When we are looking to diagnose dementia, clinicians frequently use tests like a mental status exam where a person is asked to remember lists of items, draw a picture of a clock with numbers on it, and recall current events like naming the current president and the city and state where they live.

For some with disabilities, questions like these may not have ever been able to be successfully answered due to a different baseline of knowledge and comprehension.

So how, then, can we attempt to accurately diagnose dementia in people with differing levels of cognitive baseline functioning? 

One way to do this is to look at changes in functional status over time. There is a tool developed by the National Task Group (NTG) on Intellectual Disabilities and Dementia Practices called the Early Detection and Screen for Dementia (EDSD) (i), which is specifically geared to help assess levels of functional decline over time in people with intellectual and developmental disabilities. This tool is designed to be used by family members and other supporters. Looking at serial measurements annually or every six months can help determine if a person is having a functional decline, but does this mean that the person definitely has dementia? No, it does not. Ruling out other causes for symptoms consistent with dementia is also very important. Mental health conditions, untreated sleep apnea, metabolic toxicity including alcohol, medication side effects, vitamin deficiencies, brain tumors, and thyroid, kidney, and liver disease can all present with signs resembling dementia. However, having the type of information that the EDSD can provide can be very helpful to a clinician in determining whether or not a person has evidence of dementia. When we see changes in cognition, we should never hastily conclude that it is due to dementia but instead look for treatable underlying causes such as those mentioned above. Working with a clinician knowledgeable about dementia in people with disabilities is advisable.

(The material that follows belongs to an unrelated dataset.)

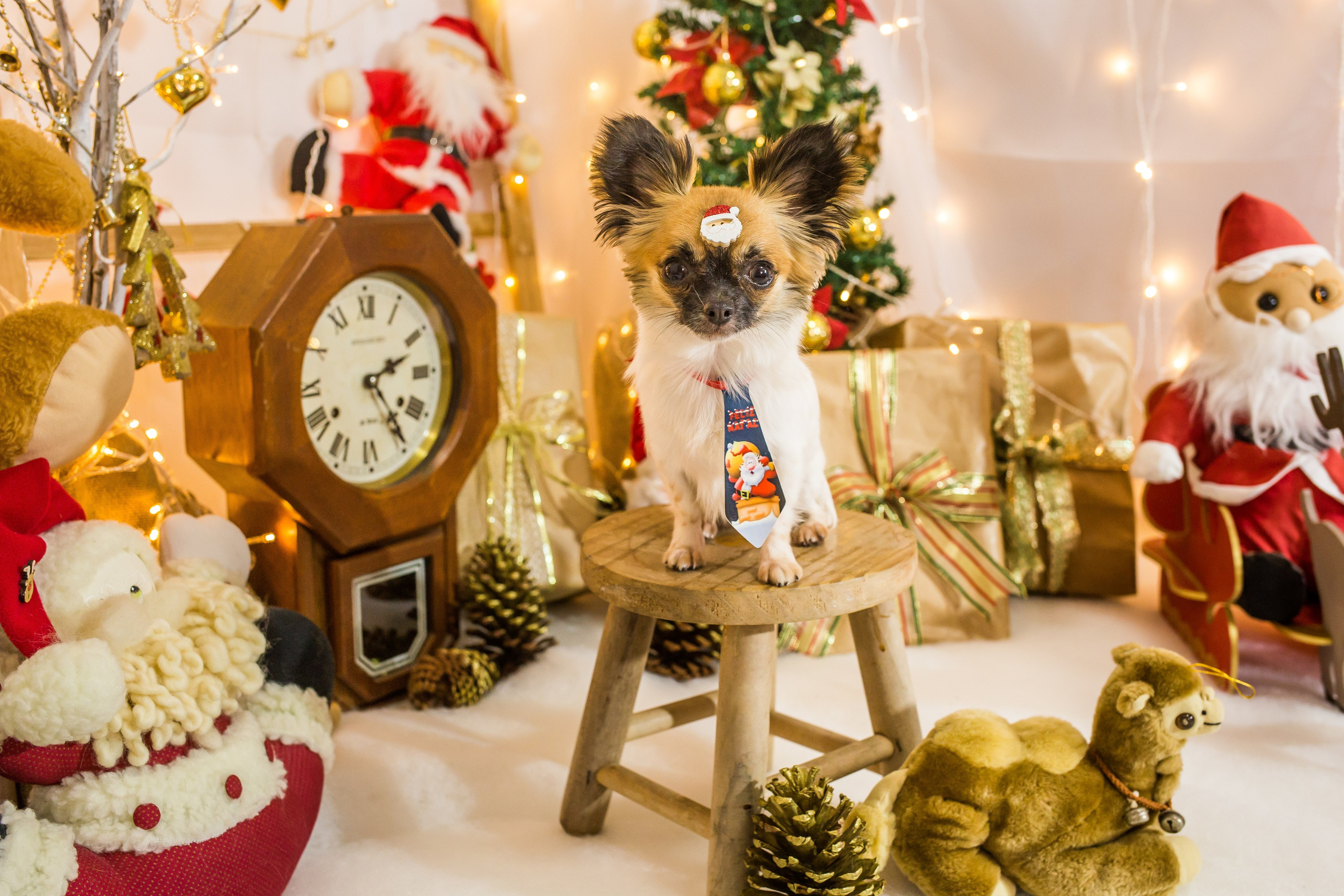 2021 — Natal encantado dos Pets. Fotografia Pet — estúdio, eventos, aniversários, ensaios temáticos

People with Down Syndrome are at a much higher risk of Alzheimer’s type dementia. People with Down Syndrome have an extra copy of chromosome 21, which also carries a gene responsible for producing a protein called amyloid precursor protein. Too much buildup of this protein in the brain leads to beta-amyloid plaques, which are implicated as a significant cause of Alzheimer’s disease. It is estimated that 50% or more of people with Down Syndrome will develop Alzheimer’s, and they are more likely to develop it earlier than those without Down Syndrome. It’s recommended that screening for dementia using a tool like the EDSD be started at age 40.

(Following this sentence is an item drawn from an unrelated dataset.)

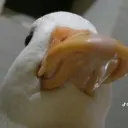 Los Patos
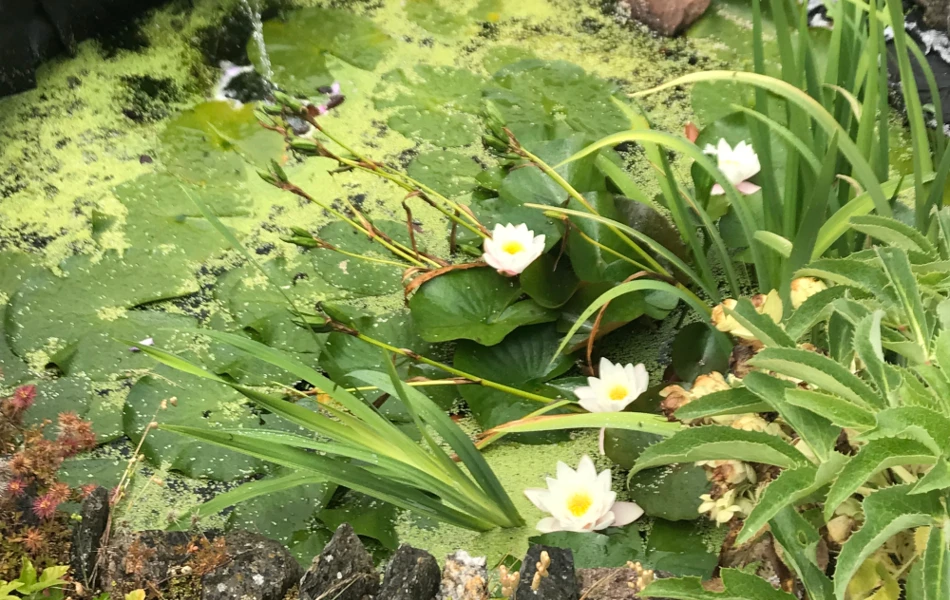 Beautiful Pond In The Garden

There have been significant advances in research on Alzheimer’s disease, including the development of blood tests and more sensitive brain scans that can help diagnose Alzheimer’s dementia. While these tests are currently not available everywhere, soon, we should have widespread availability of blood testing to diagnose the condition. There have also been advances in medication treatment options for dementia, and current trials are promising for the availability of effective treatment options in the near future. As with any new treatment, caution is warranted before starting medications, and one should always weigh the risk and benefits of treatment and include frank discussions with the clinician, the person for whom treatment is being considered, and the person’s support network to help ensure that the best decision is made for each individual person.

People who are supporting those with dementia also need support. The NTG also has a Family Support Committee. Activities of the committee include providing written and public comments on federal issues related to dementia, an inclusive, monthly, national online support group for family caregivers, and participating in a Facebook group for caregivers and professionals supporting individuals with Down Syndrome and Alzheimer’s disease. You can learn more about the NTG Family Support Committee by visiting www.the-ntg.org/family-caregivers.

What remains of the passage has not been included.